Atların ayakları bağlandı, cerrahlar geldiler, başladılar atların orasını burasını yararak ok parçalarını, mızrak uçlarını çıkarmaya. Bunu gören eşek dedi ki: “Ya Rabbi, ben o yiyecekleri de istemem, o çirkin yaraları da.” Böylece daha önce düşündüklerinden, söylediklerinden bin pişman oldu. Haline şükretti. (Mesnevi, c. V, beyit: 2361-2381)
NİMET-KÜLFET
Açıklama: “Saka”, evlere dışarıdan su taşıyan kimse demektir. “İmrahor”, padişah ahırlarının yöneticisine denir.
Servet, şöhret, mevki ve makam gibi nimetlerin insana yüklediği birtakım risk ve sorumluluklar bulunur. “Büyük başın derdi büyük olur” diye bir atasözümüz vardır. İnsan yükseldikçe düşme riski artar. Ne kadar yüksekten düşerse hasar da o nispette büyük olur. Onun için yükseklerde olanlara fazla imrenmemek gerekir.
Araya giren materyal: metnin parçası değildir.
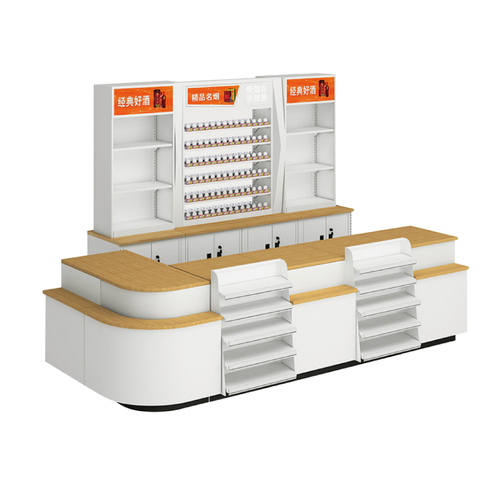 便利店收银台-41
Maddi gözle bakarsak hayattan memnun olmamak için pek çok sebep bulunur. Hırslarımız, bitip tükenmek bilmez isteklerimiz var. Hep daha fazlasını isteriz, ulaşamayınca da üzülür ve mutsuz oluruz. Bu tür mutsuzluğun pek kolay bir çaresi var. Peygamberimiz buyurur:
“Yaradılışça ve malca kendisinden yukarı durumda olan birini gören kimse, bir de aşağı durumda olana baksın. Böyle davranmak Allah’ın üzerindeki nimetini değersiz görmesinden daha iyidir.“ (Tirmizi, libas, 38)
Mutluluk, bolluk ve refah içinde olmakta değil, huzur içinde yaşamaktadır. Huzurun kaynağı da kanaattir. Hayat daimi bir inşa ve yenilenme halindedir. Herkes müspet anlamda kendisini geliştirmekle, ehliyet ve liyakat kazanarak maddi ve manevi anlamda yükselmekle yükümlüdür. Ayrıca her nimet bir külfet karşılığıdır. Zahmet çekilmeden nimete kavuşulamaz. Bir işin zahmeti ne kadar çoksa rahmeti de o kadar çok olur.